According to a memorandum dated Aug. 16 from Jim Duffy, a project manager in the facilities department, addressed to “Reiss Science Occupants” Irreno Contractors is set to decommission and demolish several labs on the third floor and oversee safety procedures. The memorandum was posted on several doors in Reiss.
“Areas immediately adjacent to the project area will be monitored for dust, noise, or any other health hazard to ensure the safety of the building occupants and complete conformance to all requirements,” the memorandum read.
The memorandum also stated that along with the general lab demolitions, the project would also consists of work to remove asbestos. “Subsequent or concurrent with the labs decommissioning, there will be asbestos abatement work to remove the Transite wall panels,” it said.
A second notification posted on Sept. 21 elaborated on the asbestos abatement project. According to the Sept. 21 notice, Selective Wrecking & Abatement is set to remove asbestos from the building from Sept. 26 through Sept. 30. According to the notice, D.C. law requires a three-day notice for all asbestos removal projects exceeding 260 feet or 160 square feet.
The demolition will impact few people.
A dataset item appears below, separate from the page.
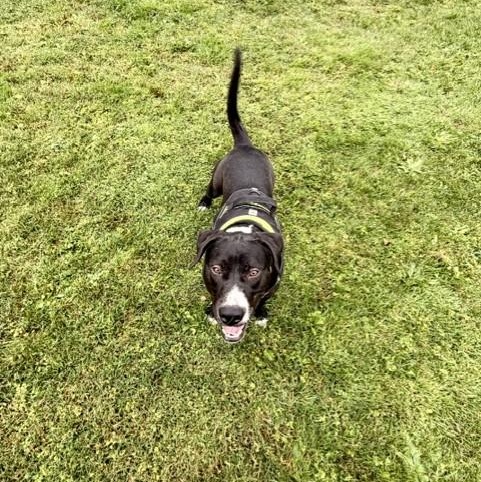 Enlarge Tooch, a Adoptable mixed breed in Williston, VT image 4/6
According to YuYe Tong, chair of the department of chemistry, many floors on Reiss are vacant after their occupants moved into the newly-constructed Regents in 2012. The third floor was shared between the Bloomer Science Library and the Departments of Biology and Chemistry; however, the floor is now mostly empty.
The Reiss Science Building was built in 1962, and according to Tong, the building contains asbestos like many other building in its time period because it was a common fire-retardant. Any renovation of an old building must start with asbestos removal.
The University declined to comment about why the renovations are taking place, but according to Tong, there is speculation circulating about what the University plans to do with this space. “Reiss was the science building, the major hub for Georgetown sciences, so the initial idea was, once all of the science faculty members, research labs, are moved out, or were moved out to Regents and there would be the renovation of the Reiss science building turned into a modern laboratory and for the expansion of science educations and scientific research,” Tong said.
In the meantime, Tong said the University could use the renovated floor as office space. “They don’t know when they will have money to rebuild this building so, in the interim, they wanted to reuse this space.”
This article has been edited for phrasing.